Très bien, mais cela n’explique pas entièrement l’augmentation brutale des pensionnés ayant droit à la pension minimum garantie. Le SPF Pensions ajoute que “de plus en plus de personnes ont un montant de pension qui, en fonction de leur carrière, est inférieur au montant de la pension minimum garantie, et voient par conséquent leur montant augmenter jusqu'au montant de la pension minimum garantie, toujours en fonction de la durée de leur carrière”. Ce faisant, de plus en plus de personnes avec de petites pensions sont tombées sous le régime de la pension minimum garantie.
Soit. Abordons à présent la question des coûts. Jean Hindriks, éminent professeur d’économie et chercheur à l’UCLouvain, expliquait en 2019 que “lorsque nous analysons l’augmentation des dépenses annuelles depuis 2007, nous constatons une croissance de 14,6 milliards depuis 2007 (soit une augmentation de 75 %). Cependant, nous remarquons que 51 p.p. (points de pourcentage) sont attribuables à l’augmentation de la pension moyenne, 15 p.p. sont dues à la hausse du nombre de pensionnés, et le solde (9 p.p.) résulte du produit des deux. Concrètement, cela signifie que presque 11 milliards sont attribuables à la revalorisation des pensions tandis que 3,6 milliards sont imputables au vieillissement” (Hindriks & Baurin, 2019).
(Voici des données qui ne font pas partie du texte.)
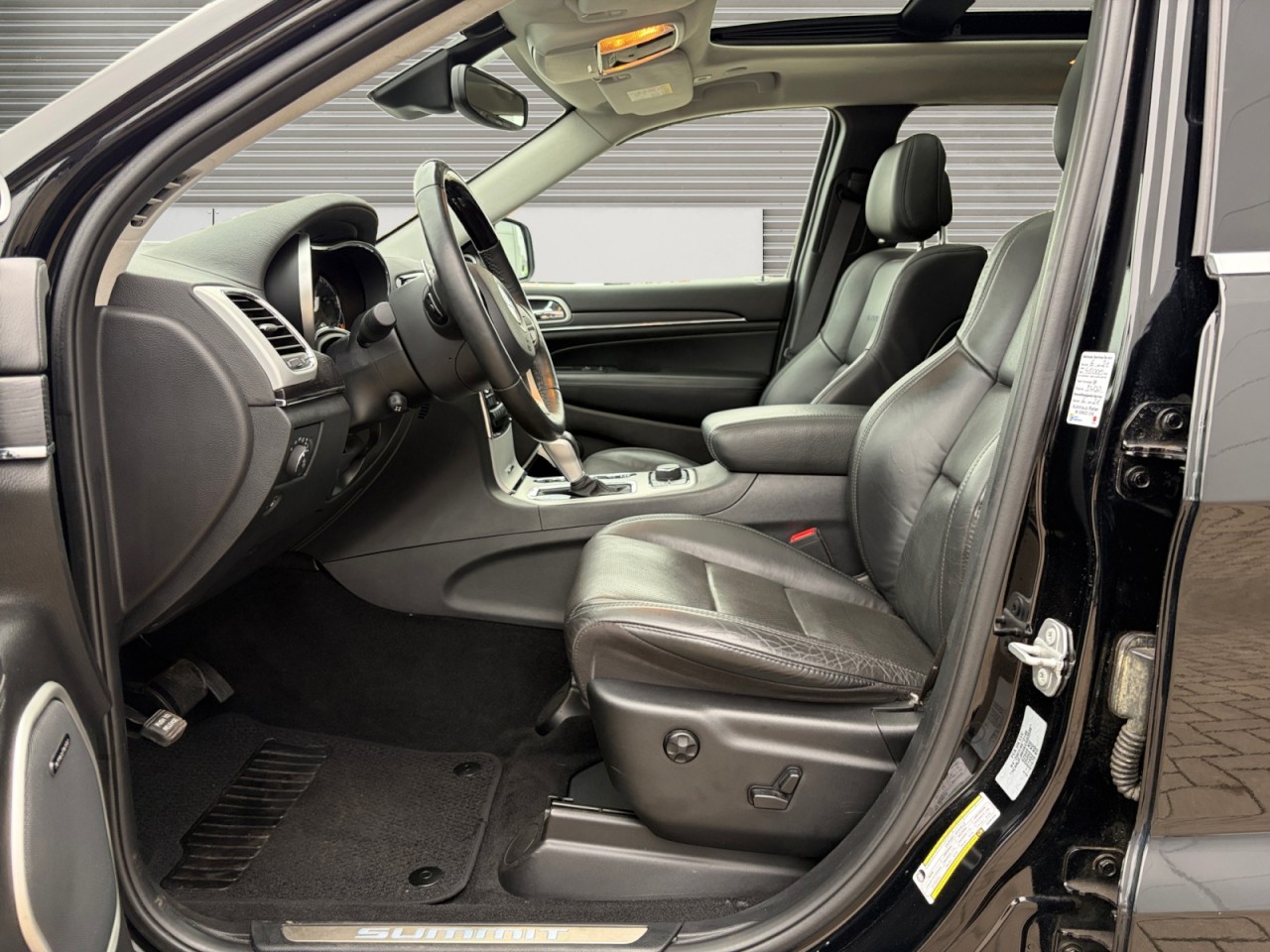 Bild 2 - Grand Cherokee 3.0 CRD Summit Klima Xenon Navi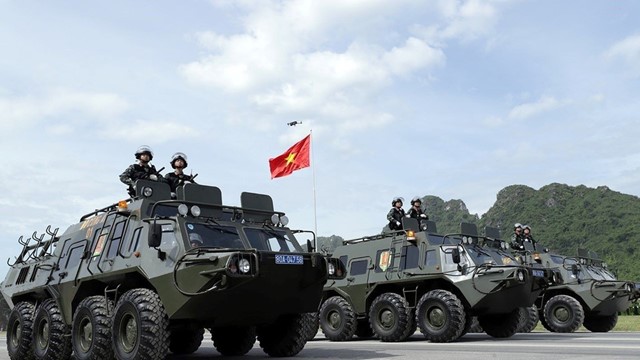 Dàn vũ khí, khí tài quy mô lớn của Việt Nam lần thứ hai xuất hiện sau gần 40 năm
Depuis lors, rien n’a été fait pour réformer globalement le système des pensions, une question pourtant très urgente.
La solution ? Elle résiderait en partie dans une indexation dynamique basée sur un coefficient de revalorisation fixé chaque année, sans toucher aux droits déjà acquis. En outre, dans ce modèle, les hautes pensions percevraient une indexation moindre (voire nulle), et les petites pensions recevraient une indexation plus importante. Il faut alors se préoccuper de l’équité d’un tel modèle, pour éviter que les petites pensions finissent par rattraper les plus élevées. Un bon équilibre est à trouver.
Note : Attention, cette pension minimum garantie ne doit pas être confondue avec la Garantie de Revenu aux Personnes Âgées (GRAPA), qui n’est pas une pension de retraite mais une aide sociale! Concrètement, cette aide sociale permet aux personnes ayant des ressources inférieures au seuil de la GRAPA (1549,42€ mensuels bruts pour les isolés ; 1032,95€ mensuels bruts pour les cohabitants, au 01.05.2024) de recevoir un complément ou une allocation complète, sous réserve de satisfaire à certaines conditions, et de respecter certaines obligations.